3. The method as set forth in claim 1, wherein the fourth operation comprises:

a 4-1 operation of measuring, in the zoomed-in state, an error distance between the center indication pattern of the left-eye image and the center indication pattern of the reference pattern, and moving the left-eye camera by ½ of the error distance in a direction in which the error distance is reduced;

a 4-2 operation of measuring, in the zoomed-in state, an error distance between the center indication pattern of the right-eye image and the center indication pattern of the reference pattern, and moving the right-eye camera by ½ of the error distance in a direction in which the error distance is reduced;

a 4-3 operation of zooming out the left-eye camera and the right-eye camera to pre-zoomed-in states; and

a 4-4 operation of re-measuring, in the zoomed-out state, an error distance between the center indication pattern of each of the left- and right-eye images and the center indication pattern of the reference pattern.

4. The method as set forth in claim 3, wherein when the error distance exceeds a preset threshold in the 4-4 operation, each of the left- and right-eye cameras is moved by ½ of the error distance in a direction in which the error distance is reduced so that the center indication pattern of each of the left- and right-eye images is aligned with the center indication pattern of the reference pattern, and then the third operation and the fourth operation are re-conducted.
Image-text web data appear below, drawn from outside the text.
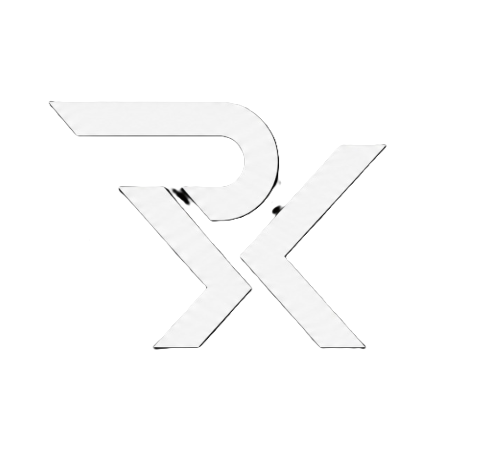 Rudra Coder Logo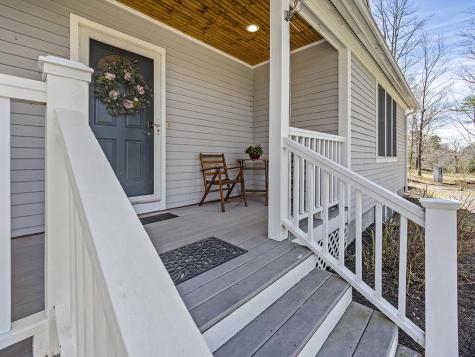 280 Pond Road Mount Vernon ME 04352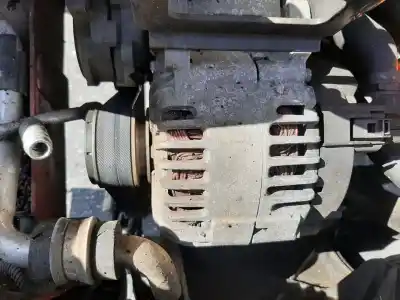 Peça sobressalente para automóvel em segunda mão ALTERNADOR por SEAT LEON (1P1)  Referências OEM IAM 06F903023F  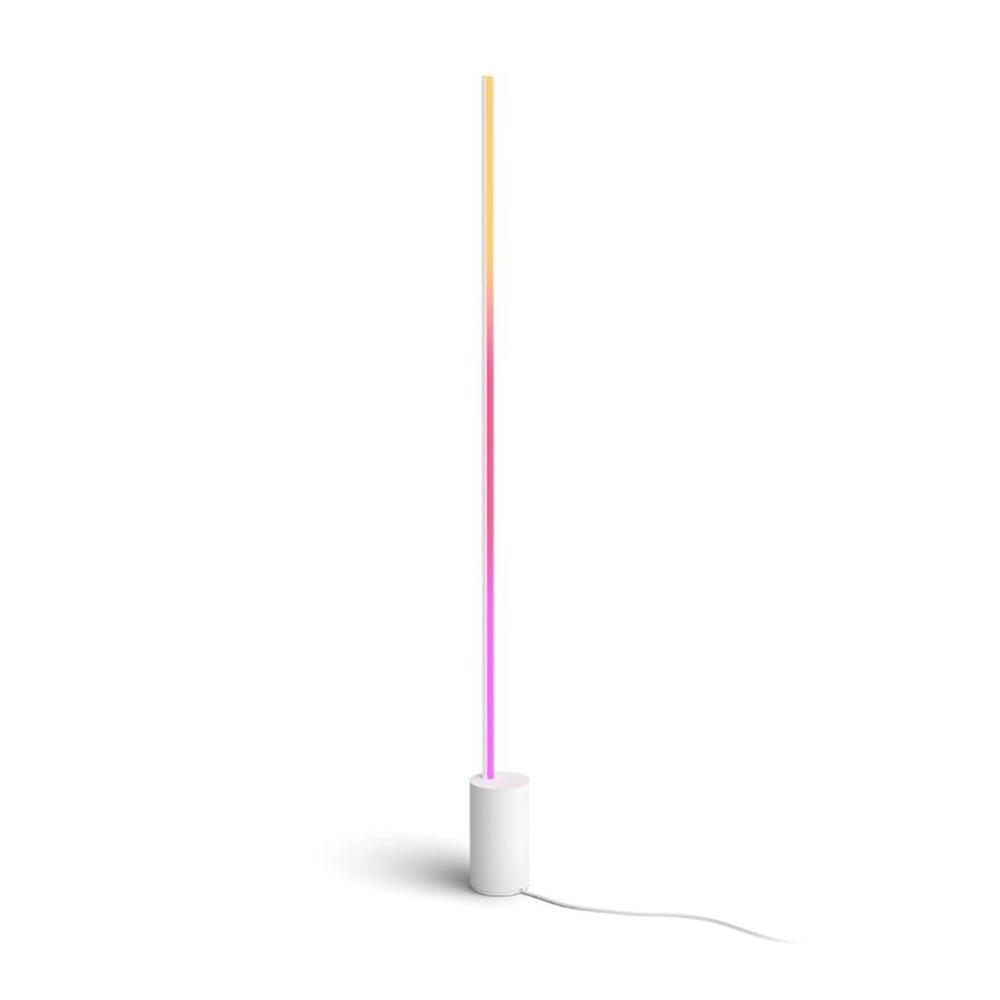 Philips Hue Gradient Signe Zemin Işığı - Beyaz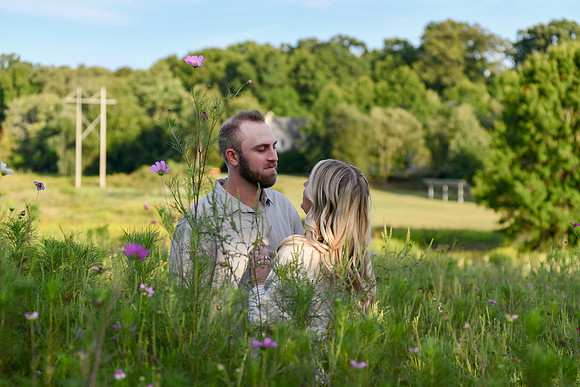 Jess & Steve [engagement] 006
5. The method as set forth in claim 3, further comprising

a 4-5 operation of notifying a user when the error distance exceeds a preset threshold in the 4-4 operation.

6. The method as set forth in claim 4, wherein the fourth operation is repeated until the error distance is less than the threshold, and

when the error distance still exceeds the threshold after the fourth operation is repeated a preset number of times, information related thereto is provided to a user.